The pontiff told around 60,000 pilgrims packed into a football stadium in the Cameroon capital Yaounde that although Africa was "a continent of hope," it risked losing its traditional moorings from people seeking to "impose the tyranny of materialism."

He did not mention Africa’s AIDS epidemic or his opposition to the use of condoms which sparked an global furore and clouded the start of his first visit to Africa as pope.

"At a time when many people have no qualms about trying to impose the tyranny of materialism, with scant concern for the most deprived, you must be careful," the 81-year-old pontiff said, expressing solidarity with the continent’s teeming poor and refugees.

"Africa in general, and Cameroon in particular, place themselves at risk if they do not recognise the True Author of Life.

"Take care of your souls, do not let yourself be captivated by selfish illusions and false ideals!"

After the mass, the Vatican lambasted globalisation’s "organised destruction of the African identity" in a document released to African bishops, which will form the basis of an African synod at the Vatican in October.

It said unnamed "military and economic powers" were imposing their will on Africa, fomenting wars through arms trafficking and stripping the continent of its huge natural resources.

Thursday’s mass at the Amadou Ahidjo stadium was Benedict’s first contact with the masses since his arrival in Cameroon. The reception was noisy and festive as he waved from his white popemobile as it circled the stadium.

Many wore T-shirts and other items of clothing sporting Benedict’s picture.

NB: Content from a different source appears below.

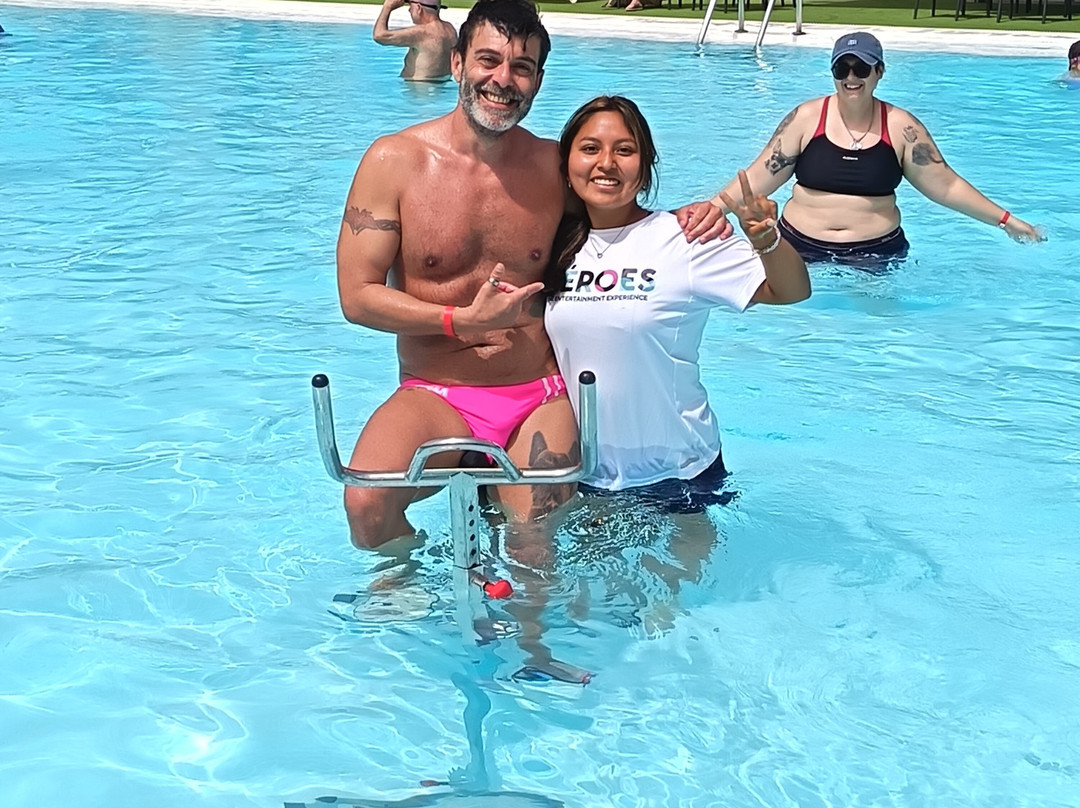 维斯塔弗洛平房主图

"For me, it’s the summit. We don’t get a chance like this every day, to come to a mass celebrated by the supreme head of the Church," said Dieudonne Nkoa, from Yaounde.

In the stands, pilgrims from further afield waved a banner declaring "Long live the pope. Nigeria," dwarfed beside a huge canvas banner with a photo of an open-armed Benedict.

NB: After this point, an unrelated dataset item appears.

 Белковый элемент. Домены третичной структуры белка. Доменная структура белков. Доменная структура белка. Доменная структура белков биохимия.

Some said they had queued outside the stadium all night to be sure of getting in. Marshalls struggled to contain the rush for the best seats when the gates were opened and thousands were left outside when the mass began.

Benedict later visited a centre for the handicapped where he offered succour.

"You are not alone," he said. "I also think of the ailing and especially in Africa of those who are victims of AIDS, malaria and tuberculosis."

Benedict has been criticised by European governments and international AIDS charities for comments he made Tuesday in which he said condoms aggravated the spread of AIDS.

The Vatican has sought to play down the controversy, saying Benedict had merely been expressing the Catholic Church’s policy on contraception.

Vatican spokesman Federico Lombardi said the pontiff had been kept informed of the critical international reaction to his remarks.

Lombardi said there was "a dichotomy" between what was happening around the the pope in Cameroon "and that which is being spoken about abroad".

The pope, who leaves for Angola on Friday for the second and last leg of his Africa tour, said during the three-hour mass that the family "in your country and across Africa, is experiencing a difficult time.

"Certain values of the traditional life have been overturned," he said and the younger generation had been left "uprooted and fragile" and cut off from family.

"Is this an irreversible, inevitable development? By no means! More than ever, we must hope against all hope," he said.

Benedict, who met members of Cameroon’s Muslim community before the mass, said the two religions co-existed peacefully as they shared core beliefs and teachings.

These were "family, social responsibility, obeying God and taking care of the weak."